• _WHAT TO PRODUCE_
Exact copy, no pictures: output all the records that follow.

• _DATA EXTRACT_
Content starts

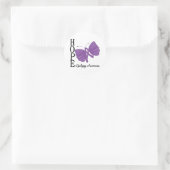 Hope Butterfly Epilepsy Ronde Sticker (Tas)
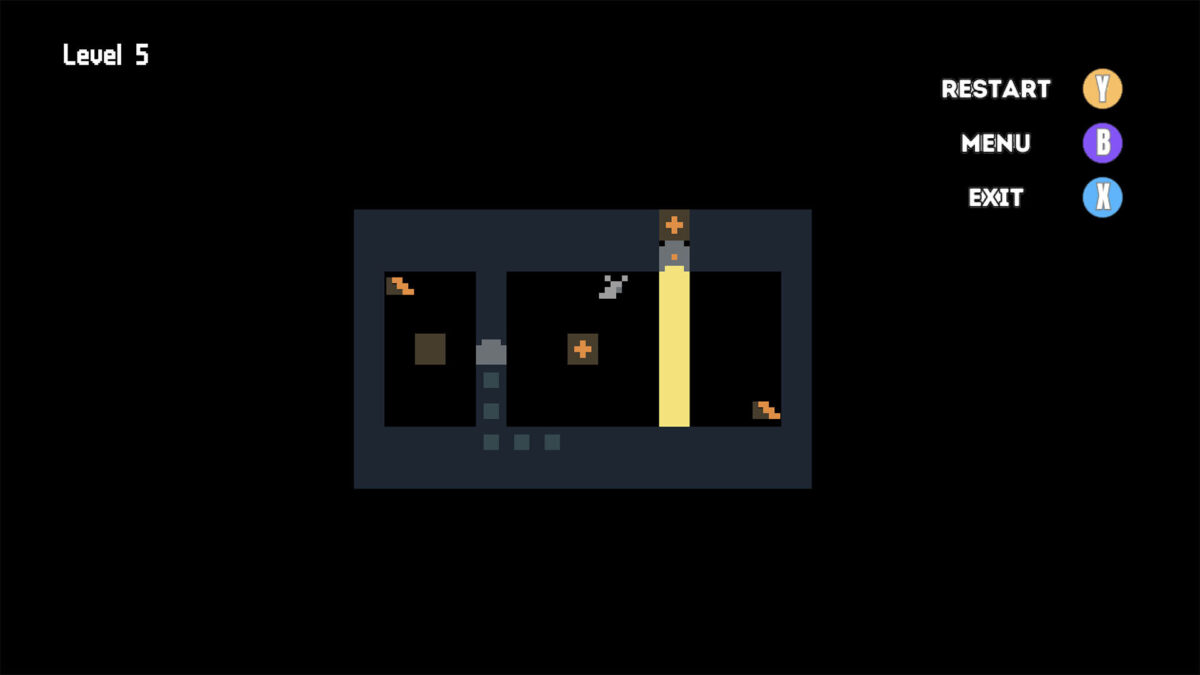 遊戲實機畫面展示豐富的像素場景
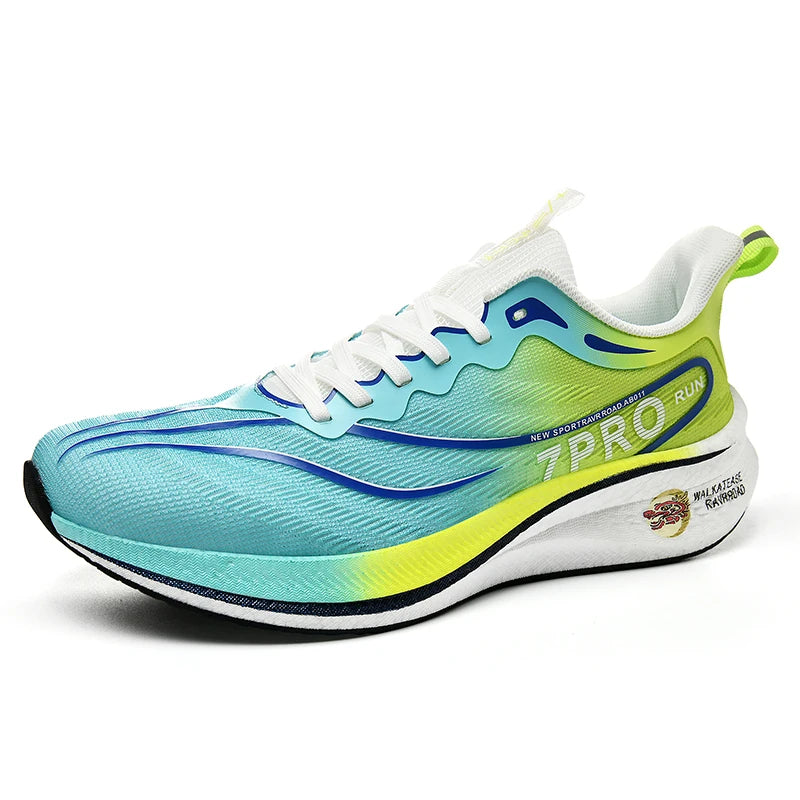 2024 New Comfortable New Carbon Plate Breathable Casual Fashionable Men's Lightweight Fly-knitting Sports Running Shoes
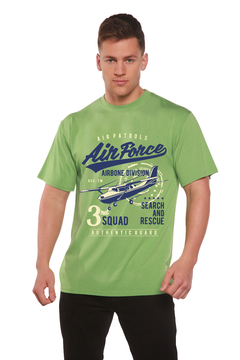 Air Force Men's Bamboo Viscose/Organic Cotton Short Sleeve Graphic T-Shirt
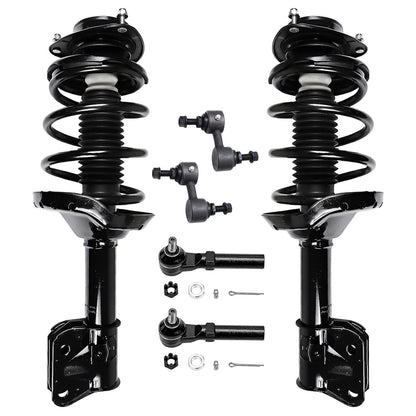 Front & Rear Suspension Kit with Struts Control Arms & Tie Rods for Camaro 2011–2012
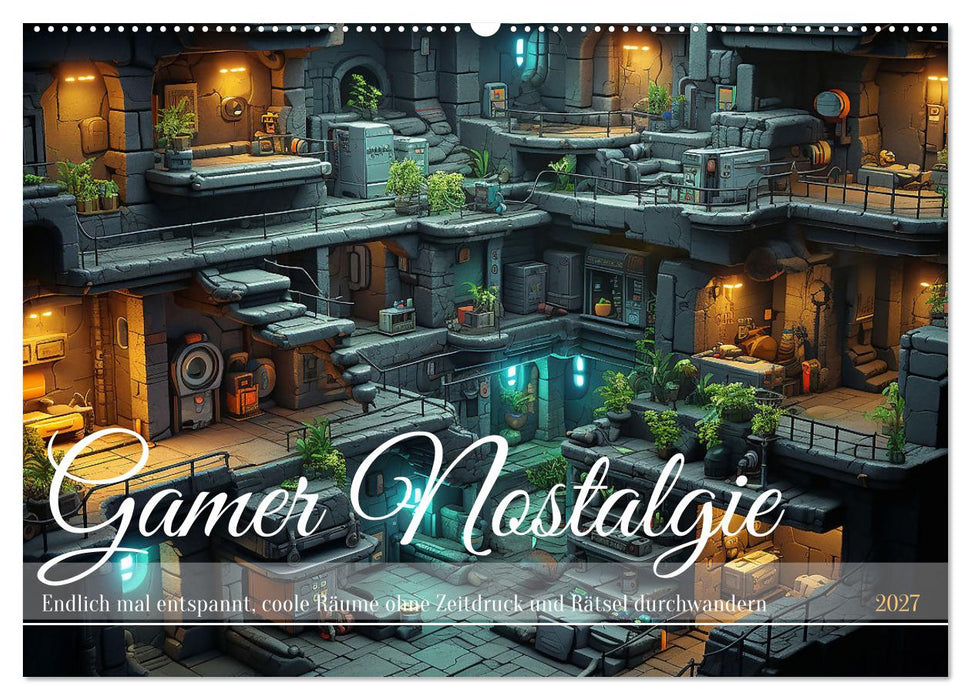 Gamer Nostalgie (CALVENDO Wandkalender 2027)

Content ends

• _RESPONSE BOX_
 Hope Butterfly Epilepsy Ronde Sticker (Tas)
 遊戲實機畫面展示豐富的像素場景
 2024 New Comfortable New Carbon Plate Breathable Casual Fashionable Men's Lightweight Fly-knitting Sports Running Shoes
 Air Force Men's Bamboo Viscose/Organic Cotton Short Sleeve Graphic T-Shirt
 Front & Rear Suspension Kit with Struts Control Arms & Tie Rods for Camaro 2011–2012
 Gamer Nostalgie (CALVENDO Wandkalender 2027)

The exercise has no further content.